--- Records shown ---

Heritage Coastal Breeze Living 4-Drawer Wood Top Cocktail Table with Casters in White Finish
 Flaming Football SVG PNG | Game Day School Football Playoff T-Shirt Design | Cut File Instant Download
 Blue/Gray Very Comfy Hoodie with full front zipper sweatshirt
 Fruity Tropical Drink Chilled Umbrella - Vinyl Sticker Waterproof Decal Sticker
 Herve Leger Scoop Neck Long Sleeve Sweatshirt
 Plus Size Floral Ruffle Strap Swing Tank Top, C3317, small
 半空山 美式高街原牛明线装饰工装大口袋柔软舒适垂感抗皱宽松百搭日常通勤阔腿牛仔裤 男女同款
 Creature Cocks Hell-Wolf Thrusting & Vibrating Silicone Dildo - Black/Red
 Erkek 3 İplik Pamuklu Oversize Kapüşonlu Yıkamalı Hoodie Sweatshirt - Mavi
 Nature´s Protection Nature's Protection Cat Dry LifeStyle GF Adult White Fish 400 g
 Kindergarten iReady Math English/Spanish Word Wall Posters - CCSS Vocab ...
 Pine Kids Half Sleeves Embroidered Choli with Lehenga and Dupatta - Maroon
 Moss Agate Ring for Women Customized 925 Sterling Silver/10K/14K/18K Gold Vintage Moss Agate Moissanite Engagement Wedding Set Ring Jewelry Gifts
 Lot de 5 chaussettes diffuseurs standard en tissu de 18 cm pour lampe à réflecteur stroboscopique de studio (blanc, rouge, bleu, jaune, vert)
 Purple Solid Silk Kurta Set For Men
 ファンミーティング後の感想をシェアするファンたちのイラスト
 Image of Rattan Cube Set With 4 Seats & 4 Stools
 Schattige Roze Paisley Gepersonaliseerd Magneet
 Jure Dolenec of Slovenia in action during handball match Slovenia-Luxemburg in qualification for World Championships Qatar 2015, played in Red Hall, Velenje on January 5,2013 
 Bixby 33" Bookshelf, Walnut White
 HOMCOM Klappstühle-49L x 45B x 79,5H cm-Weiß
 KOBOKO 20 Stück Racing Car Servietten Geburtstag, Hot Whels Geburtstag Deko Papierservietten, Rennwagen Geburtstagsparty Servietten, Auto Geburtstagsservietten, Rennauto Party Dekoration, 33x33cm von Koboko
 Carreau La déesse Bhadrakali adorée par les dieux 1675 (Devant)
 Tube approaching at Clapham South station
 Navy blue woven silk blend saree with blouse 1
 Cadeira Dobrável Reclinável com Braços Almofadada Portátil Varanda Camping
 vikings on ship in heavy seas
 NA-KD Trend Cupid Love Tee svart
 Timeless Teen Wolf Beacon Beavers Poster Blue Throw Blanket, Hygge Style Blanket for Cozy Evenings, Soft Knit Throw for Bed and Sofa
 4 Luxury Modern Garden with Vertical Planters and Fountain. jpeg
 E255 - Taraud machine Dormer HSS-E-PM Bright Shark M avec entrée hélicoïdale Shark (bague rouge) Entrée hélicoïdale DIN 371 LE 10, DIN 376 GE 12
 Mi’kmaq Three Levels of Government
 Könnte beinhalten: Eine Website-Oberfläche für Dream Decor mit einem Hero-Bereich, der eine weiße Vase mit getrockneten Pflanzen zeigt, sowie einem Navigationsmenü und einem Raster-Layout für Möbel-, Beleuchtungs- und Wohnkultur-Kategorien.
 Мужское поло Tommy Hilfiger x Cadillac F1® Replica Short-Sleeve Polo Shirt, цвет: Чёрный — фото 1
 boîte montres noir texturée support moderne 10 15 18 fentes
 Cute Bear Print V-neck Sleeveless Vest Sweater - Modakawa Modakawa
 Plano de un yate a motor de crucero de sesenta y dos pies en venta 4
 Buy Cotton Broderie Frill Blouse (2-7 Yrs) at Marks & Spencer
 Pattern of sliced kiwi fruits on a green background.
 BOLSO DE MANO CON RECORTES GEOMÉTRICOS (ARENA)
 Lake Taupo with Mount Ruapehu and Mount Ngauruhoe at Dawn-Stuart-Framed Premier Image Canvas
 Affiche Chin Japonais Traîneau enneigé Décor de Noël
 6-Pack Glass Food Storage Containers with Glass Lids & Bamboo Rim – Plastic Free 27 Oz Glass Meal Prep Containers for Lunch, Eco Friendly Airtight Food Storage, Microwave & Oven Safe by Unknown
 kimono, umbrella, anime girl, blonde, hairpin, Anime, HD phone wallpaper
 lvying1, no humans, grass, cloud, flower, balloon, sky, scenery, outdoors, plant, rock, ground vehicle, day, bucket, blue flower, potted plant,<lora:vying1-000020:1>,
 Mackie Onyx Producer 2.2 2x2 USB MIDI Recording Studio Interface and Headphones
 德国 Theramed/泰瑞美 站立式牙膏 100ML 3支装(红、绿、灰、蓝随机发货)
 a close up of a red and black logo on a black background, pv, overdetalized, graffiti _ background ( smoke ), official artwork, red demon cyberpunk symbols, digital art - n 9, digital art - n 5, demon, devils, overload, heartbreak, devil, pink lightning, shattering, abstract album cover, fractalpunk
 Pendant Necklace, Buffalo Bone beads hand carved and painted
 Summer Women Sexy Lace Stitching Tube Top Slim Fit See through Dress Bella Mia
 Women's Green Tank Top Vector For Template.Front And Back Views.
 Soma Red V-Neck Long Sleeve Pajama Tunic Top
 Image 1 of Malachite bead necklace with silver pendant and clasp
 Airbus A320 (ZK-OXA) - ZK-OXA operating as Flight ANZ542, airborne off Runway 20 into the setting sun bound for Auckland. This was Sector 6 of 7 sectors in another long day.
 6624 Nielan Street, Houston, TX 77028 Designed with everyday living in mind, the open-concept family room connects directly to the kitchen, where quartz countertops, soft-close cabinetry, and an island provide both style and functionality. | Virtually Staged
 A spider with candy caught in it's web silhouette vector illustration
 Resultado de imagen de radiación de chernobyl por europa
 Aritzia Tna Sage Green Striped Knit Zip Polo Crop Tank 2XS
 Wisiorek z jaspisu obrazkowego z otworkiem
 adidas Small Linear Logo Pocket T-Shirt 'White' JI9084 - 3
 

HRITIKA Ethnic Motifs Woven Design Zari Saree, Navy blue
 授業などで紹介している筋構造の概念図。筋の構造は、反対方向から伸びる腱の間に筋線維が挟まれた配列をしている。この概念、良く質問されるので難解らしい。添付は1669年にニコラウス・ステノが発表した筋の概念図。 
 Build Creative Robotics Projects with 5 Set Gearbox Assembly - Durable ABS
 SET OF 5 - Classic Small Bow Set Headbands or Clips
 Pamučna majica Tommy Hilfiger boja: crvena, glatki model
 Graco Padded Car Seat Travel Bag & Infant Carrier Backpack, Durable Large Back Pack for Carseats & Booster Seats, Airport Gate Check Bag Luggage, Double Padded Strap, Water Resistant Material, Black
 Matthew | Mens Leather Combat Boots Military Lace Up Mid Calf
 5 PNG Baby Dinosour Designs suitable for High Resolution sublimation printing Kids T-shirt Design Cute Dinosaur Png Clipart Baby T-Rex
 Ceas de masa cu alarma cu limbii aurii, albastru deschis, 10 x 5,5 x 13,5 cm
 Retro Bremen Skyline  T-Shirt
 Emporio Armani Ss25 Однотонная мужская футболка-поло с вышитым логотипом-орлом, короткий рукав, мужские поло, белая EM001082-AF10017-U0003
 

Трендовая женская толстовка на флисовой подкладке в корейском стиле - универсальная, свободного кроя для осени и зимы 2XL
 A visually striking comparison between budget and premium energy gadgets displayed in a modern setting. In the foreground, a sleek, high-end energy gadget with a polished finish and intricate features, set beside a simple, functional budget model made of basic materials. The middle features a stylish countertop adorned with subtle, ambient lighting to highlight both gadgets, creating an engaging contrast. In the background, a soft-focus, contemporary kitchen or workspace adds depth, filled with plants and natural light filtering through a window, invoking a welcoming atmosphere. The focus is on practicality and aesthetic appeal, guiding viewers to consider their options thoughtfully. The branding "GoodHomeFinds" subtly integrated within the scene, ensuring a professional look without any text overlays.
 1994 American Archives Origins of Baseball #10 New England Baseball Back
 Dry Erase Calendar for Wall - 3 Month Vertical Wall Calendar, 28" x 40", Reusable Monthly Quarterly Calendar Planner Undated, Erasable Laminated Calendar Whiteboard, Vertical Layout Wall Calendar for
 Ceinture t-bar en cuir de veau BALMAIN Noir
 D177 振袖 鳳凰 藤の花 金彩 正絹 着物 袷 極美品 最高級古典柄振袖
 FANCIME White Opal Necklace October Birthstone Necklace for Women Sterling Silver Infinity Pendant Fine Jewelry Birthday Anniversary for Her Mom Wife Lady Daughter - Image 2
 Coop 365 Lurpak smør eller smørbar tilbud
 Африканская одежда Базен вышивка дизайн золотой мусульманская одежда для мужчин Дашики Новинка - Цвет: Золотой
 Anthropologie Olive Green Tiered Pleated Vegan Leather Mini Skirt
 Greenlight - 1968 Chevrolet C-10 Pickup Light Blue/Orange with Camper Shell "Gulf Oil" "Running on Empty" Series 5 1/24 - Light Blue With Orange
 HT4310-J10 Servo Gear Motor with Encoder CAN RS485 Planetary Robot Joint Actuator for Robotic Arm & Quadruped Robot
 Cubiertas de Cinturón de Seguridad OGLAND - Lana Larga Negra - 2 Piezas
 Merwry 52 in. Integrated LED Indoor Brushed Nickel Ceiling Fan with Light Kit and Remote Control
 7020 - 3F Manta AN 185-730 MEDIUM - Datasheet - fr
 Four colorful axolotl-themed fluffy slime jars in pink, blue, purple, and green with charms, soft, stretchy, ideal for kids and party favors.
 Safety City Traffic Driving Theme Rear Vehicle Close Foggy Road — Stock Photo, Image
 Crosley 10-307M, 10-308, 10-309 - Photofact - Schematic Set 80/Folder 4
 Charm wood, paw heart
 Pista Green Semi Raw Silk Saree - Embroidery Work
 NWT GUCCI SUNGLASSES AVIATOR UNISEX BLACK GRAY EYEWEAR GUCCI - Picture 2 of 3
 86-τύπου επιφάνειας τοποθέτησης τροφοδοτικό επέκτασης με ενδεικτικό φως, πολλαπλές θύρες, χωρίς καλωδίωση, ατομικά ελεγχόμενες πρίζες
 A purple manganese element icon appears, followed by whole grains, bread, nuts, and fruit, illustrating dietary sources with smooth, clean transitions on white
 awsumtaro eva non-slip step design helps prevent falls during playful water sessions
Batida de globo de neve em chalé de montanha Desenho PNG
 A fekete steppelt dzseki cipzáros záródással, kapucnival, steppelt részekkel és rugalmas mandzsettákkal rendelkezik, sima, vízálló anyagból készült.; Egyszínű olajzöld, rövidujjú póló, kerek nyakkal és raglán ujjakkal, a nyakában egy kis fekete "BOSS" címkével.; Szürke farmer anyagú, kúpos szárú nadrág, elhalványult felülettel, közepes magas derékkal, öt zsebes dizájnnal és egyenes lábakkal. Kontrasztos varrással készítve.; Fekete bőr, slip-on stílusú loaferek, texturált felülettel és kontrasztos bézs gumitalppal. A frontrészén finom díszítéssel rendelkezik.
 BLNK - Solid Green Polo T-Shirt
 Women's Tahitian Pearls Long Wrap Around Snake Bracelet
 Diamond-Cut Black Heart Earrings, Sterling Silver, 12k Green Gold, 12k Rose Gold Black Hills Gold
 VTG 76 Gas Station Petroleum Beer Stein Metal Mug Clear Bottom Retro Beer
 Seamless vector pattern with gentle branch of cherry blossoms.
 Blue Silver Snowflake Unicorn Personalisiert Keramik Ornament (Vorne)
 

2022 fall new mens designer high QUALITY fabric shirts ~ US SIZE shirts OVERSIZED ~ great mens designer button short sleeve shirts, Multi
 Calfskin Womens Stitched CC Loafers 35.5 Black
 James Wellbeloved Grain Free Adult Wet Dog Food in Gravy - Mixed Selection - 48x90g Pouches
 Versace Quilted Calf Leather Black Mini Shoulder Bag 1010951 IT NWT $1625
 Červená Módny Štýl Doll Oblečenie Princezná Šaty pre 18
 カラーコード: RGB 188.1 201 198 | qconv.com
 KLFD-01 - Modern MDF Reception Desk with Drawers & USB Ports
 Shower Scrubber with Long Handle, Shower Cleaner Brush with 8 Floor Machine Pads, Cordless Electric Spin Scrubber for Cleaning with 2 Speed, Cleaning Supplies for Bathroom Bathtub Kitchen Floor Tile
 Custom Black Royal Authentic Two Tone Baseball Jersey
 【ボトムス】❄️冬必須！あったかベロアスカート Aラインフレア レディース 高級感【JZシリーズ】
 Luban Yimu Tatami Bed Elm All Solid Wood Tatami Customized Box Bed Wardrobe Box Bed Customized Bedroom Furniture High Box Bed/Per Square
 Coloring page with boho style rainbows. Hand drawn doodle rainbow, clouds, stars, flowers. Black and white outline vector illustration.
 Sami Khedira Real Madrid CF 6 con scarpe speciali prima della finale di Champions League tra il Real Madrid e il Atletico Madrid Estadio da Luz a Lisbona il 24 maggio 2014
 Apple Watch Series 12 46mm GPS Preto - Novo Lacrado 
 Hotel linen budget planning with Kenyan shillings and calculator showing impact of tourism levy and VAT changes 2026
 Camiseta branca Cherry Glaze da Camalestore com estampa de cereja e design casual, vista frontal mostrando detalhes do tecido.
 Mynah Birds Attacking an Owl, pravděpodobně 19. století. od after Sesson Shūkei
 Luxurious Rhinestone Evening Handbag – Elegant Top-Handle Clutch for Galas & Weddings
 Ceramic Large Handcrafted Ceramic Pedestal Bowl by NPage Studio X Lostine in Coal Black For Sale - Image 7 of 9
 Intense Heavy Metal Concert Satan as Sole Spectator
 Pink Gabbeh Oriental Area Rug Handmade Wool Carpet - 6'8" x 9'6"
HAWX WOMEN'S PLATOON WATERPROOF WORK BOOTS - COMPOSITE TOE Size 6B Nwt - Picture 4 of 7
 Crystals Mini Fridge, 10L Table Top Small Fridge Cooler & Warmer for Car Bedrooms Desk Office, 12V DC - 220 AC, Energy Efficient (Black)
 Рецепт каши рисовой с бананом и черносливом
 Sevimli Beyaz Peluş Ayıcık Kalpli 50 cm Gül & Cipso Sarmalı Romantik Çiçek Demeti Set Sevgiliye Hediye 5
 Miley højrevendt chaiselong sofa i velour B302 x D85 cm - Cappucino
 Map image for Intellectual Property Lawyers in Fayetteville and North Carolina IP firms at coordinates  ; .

---

Your goal
Scan the records above, then copy out each line that mentions "Durable".

Result of this exercise
 Build Creative Robotics Projects with 5 Set Gearbox Assembly - Durable ABS
 Graco Padded Car Seat Travel Bag & Infant Carrier Backpack, Durable Large Back Pack for Carseats & Booster Seats, Airport Gate Check Bag Luggage, Double Padded Strap, Water Resistant Material, Black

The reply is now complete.